Without a proper motion measurement, it is still difficult to remove foreground/background sources completely. A less accurate but common way to remove such sources uses the interstellar extinction. We have constructed a narrow-band ([1.71] and [2.25]) color magnitude diagram for our targets, known early-type stars and red giants, and other sources (Fig. 5). The [1.71]–[2.25] color corresponds to NIR HK, and is more sensitive to the amount of the interstellar extinction than [2.25]–[2.34] used in Fig. 2. We have confirmed that the color spread of stars observed in this work is almost the same as those of known early-type stars and red giants in the NSC, suggesting that our targets are located in the NSC as well.

thumbnail Fig. 4

HR diagram for the early-type star candidates (green circles) and red giants as a reference (red circles). Overplotted are theoretical isochrones for ages of (from left to right) 50 Myr, 100 Myr, 500 Myr, 1 Gyr, 5 Gyr, and 10 Gyr with solar metallicity using the Padova code (Girardi et al. 2000; Marigo et al. 2008).

thumbnail Fig. 5

[2.25] vs. [1.71]–[2.25] color magnitude diagram for sources measured in Nishiyama & Schödel (2013). The observed early-type star candidates in this work are overplotted by light green ×s. Dark green circles and red triangles represent spectroscopically identified early-type stars and late-type giants in the Galactic NSC, respectively.

4. Discussion

4.1. Narrow-band photometry

The main goal of our work is a systematic search for young, massive stars throughout the Galactic NSC. To find candidates of these young, massive stars in this region, we carried out NIR imaging observations using two narrow-band filters, 2.25 μm and 2.34 μm, with filter widths of 0.03 μm (Nishiyama & Schödel 2013). As shown in Fig. 3, the 2.34 μm filter is sensitive to the CO band head absorption at 2.29 μm, a typical feature seen in late-type stars; on the other hand, the 2.25 μm filter is just shortward of the CO absorption. When we measure magnitudes of stars in the two filters, [2.25] and [2.34], a redder color in [2.25]–[2.34] means less CO absorption at 2.34 μm, indicating earlier spectral type. Hence the [2.25]–[2.34] color index can be used as a proxy for EW(CO).

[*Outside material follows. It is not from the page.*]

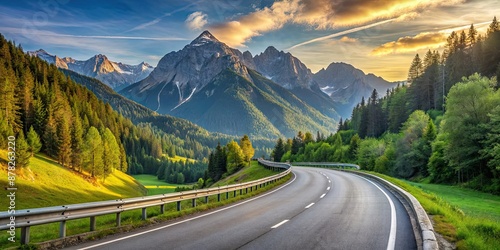 Scenic view of asphalt road winding through Austrian mountains , Austria, road, asphalt, highway, landscape, Alps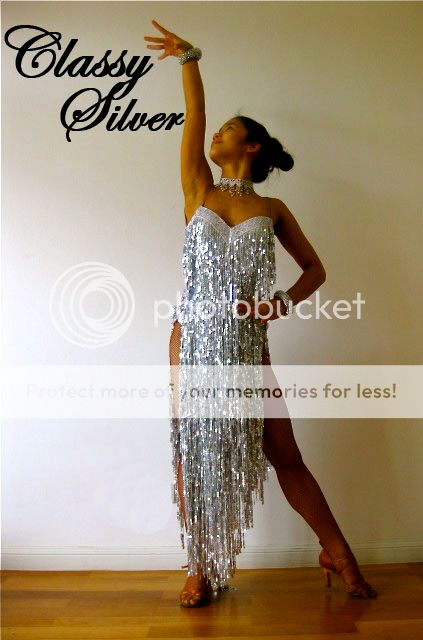 LATIN PRO SALSA SHINNY FRINGE SALSA CHA CHA DANCE DRESS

Unfortunately, we found strong, systematic [2.25]–[2.34] color trends along the x- and y-axes in the ISAAC FoV (Fig. 4 in Nishiyama & Schödel 2013), making absolute calibrations of [2.25] and [2.34] impossible. To use the [2.25]–[2.34] color to search for early-type stars, we carried out a color correction in the assumption that the average of the intrinsic stellar colors is the same throughout the observed FoV. This assumption is appropriate for our observed field because of the similar intrinsic colors of almost all stellar types around the K band, the dominance of late-type giants in this region, and the restricted wavelength range of our observations. Hence what we use to identify the early-type star candidates is a relative [2.25]–[2.34] color to the dominant late-type giants (RGB stars), and the color is calibrated to have [2.25]–[2.34] = 0 for the RGB stars. Then we defined stars more than 2σ redder than the RGB as early-type star candidates.

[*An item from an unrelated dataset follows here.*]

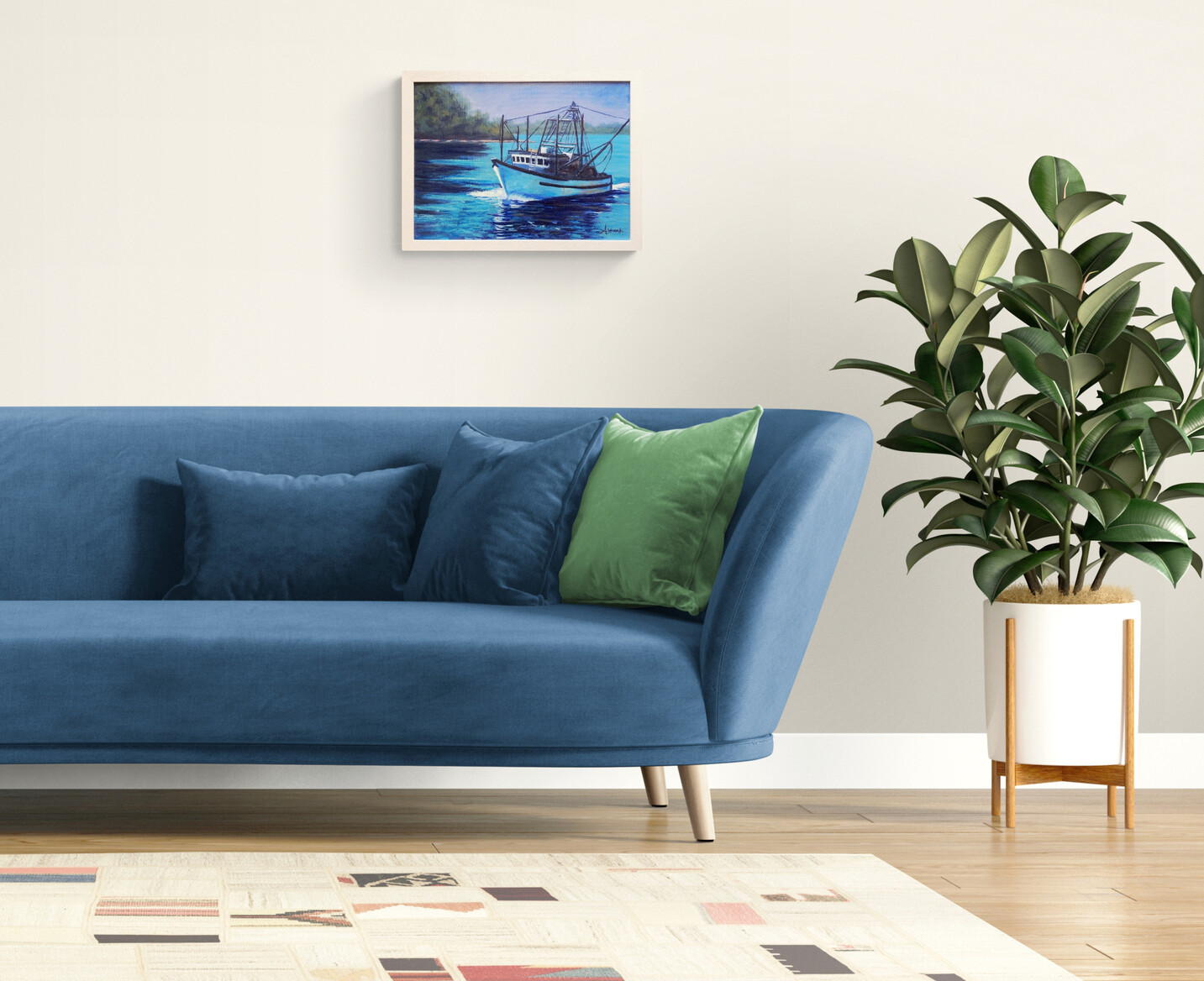 Modern Chic Living Room Interior With Long Sofa (14)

Genuine early-type stars are expected to have a redder [2.25]–[2.34] color than late-type giants on the RGB, and an almost negligible EW(CO). Fig. 6 shows a plot of the EW(CO) of the observed stars versus their [2.25]–[2.34] color (as given by Nishiyama & Schödel 2013). The latter was adjusted such that the mean color of the RGB stars is 0, as described in the previous paragraph. As shown by green circles in Fig. 6, all of our early-type star candidates have a color of [2.25] − [2.34] ≳ 0.1, and most of them have EW(CO) of 20. This agrees well with the fact that most of the early-type star candidates have a smaller EW(CO) than the RGB stars. Contrary to our expectations, however, we do not observe any clear trend of the [2.25]–[2.34] color as a function of EW(CO). This is probably due to relatively large uncertainties of, and a narrow range in, the [2.25]–[2.34] colors for the early-type star candidates.

thumbnail Fig. 6

Relation between stellar [2.25]–[2.34] color relative to the RGB mean color and EW(CO) for the early-type star candidates (green circles) and late-type giants as a reference (red circles). In the relative [2.25]–[2.34] color, the RGB stars and early-type stars are expected to have a color of [2.25]–[2.34] ≈ 0 and [2.25] − [2.34] > 0, respectively. The right-hand side axis shows the corresponding Teff derived by Eq. (2). The blue arrows represents spectral type in the case of giants (according to the Table 2 in Meyer et al. 1998). The horizontal dashed line represents the upper limit of EW(CO) to determine Teff with Eq. (2).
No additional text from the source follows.